On this page you find the weekly homeworks. We will post them approximately one week before they are due.

For each homework that involves code, you must follow the following submission guidelines:

  • Submit an archive (tar, zip) containing your solution to the course CMS before the homework deadline. The archive filename must follow this pattern: info4302_hw{homework_number}_{firstname}_{lastname}.(tar.gz|zip)
  • We accept code contributions in Java and Python. Please make sure that you use recent language versions.
  • Your code must be compile- and executable from the command line. You can use IDEs such as Eclipse for development, but please don't send us your IDE project files.
  • Your code should follow directory layout best-practices, e.g., source-code in a folder src or lib, executables in a folder bin, etc. This is language-specific and not standardized, but you will find guidelines on the Web.
  • The root directory of your archive file must include a README file, which explains precisely how we can run your code and what we are expected to see. There you must also acknowledge every piece of code you borrow. It is fine to use others' code in this class, but it is not fine to represent it as your own, even accidentally. That is plagiarism and a serious offense in both the work and academic worlds.

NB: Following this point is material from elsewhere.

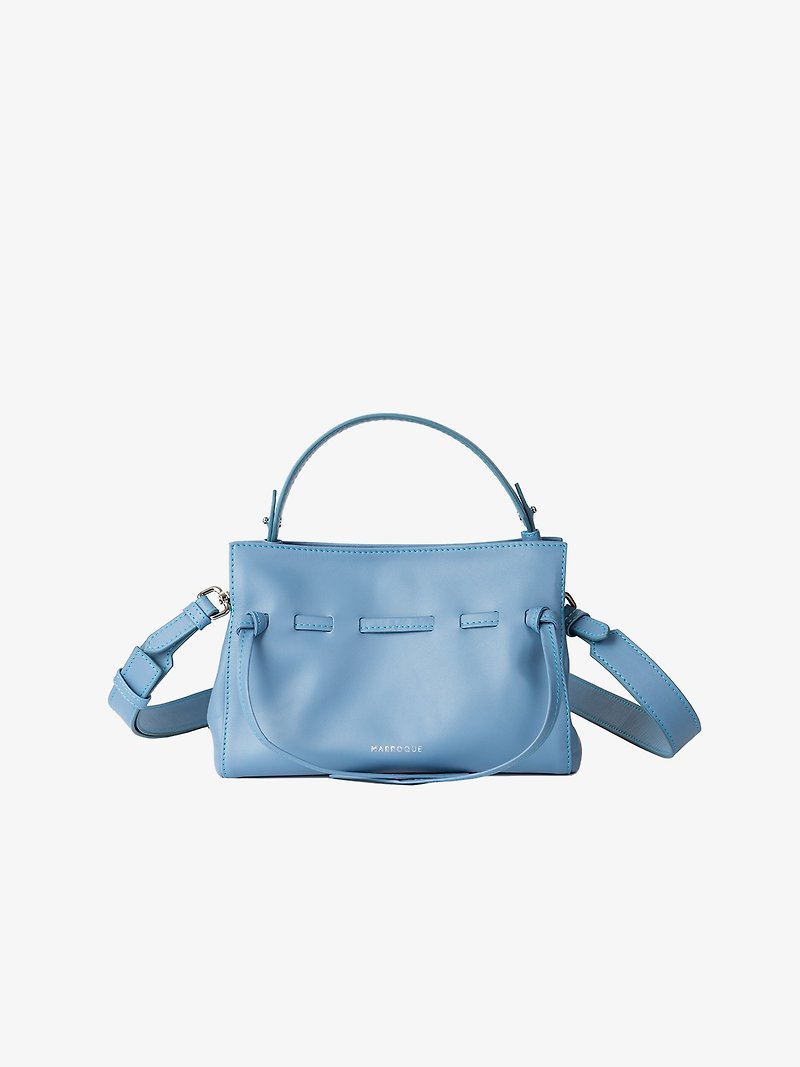 Drawstring genuine leather Crossbody bag for the spring and summer collections. - Handbags & Totes - Genuine Leather Blue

HW10: Recap (due 11/29 10:00am)

The purpose of this homework is to reflect on some of the main topics taught in this course. Your answers should be 800-1000 words in total.

Questions

  1. What historical and technical relationship exists between the Architecture of the Internet and the World Wide Web?
  2. What is content negotiation, and what additional dimension of content negotiation does the Memento project introduce? Through which extensions of the http protocol?
  3. How do XML and JSON compare? What do they have in common, how are they different? Based on your own experience so far, when would you chose one or the other as a content author or provider?
  4. What is the purpose of RESTful APIs? Name and summarize three key design principles.
  5. What is the idea behind Linked Data? What do RESTful APIs and Linked Data have in common, what are the technical differences?
  6. Why do people and businesses markup their Web pages with terms from the schema.org vocabulary.

What you should turn in

  • A TXT or PDF document containing your responses.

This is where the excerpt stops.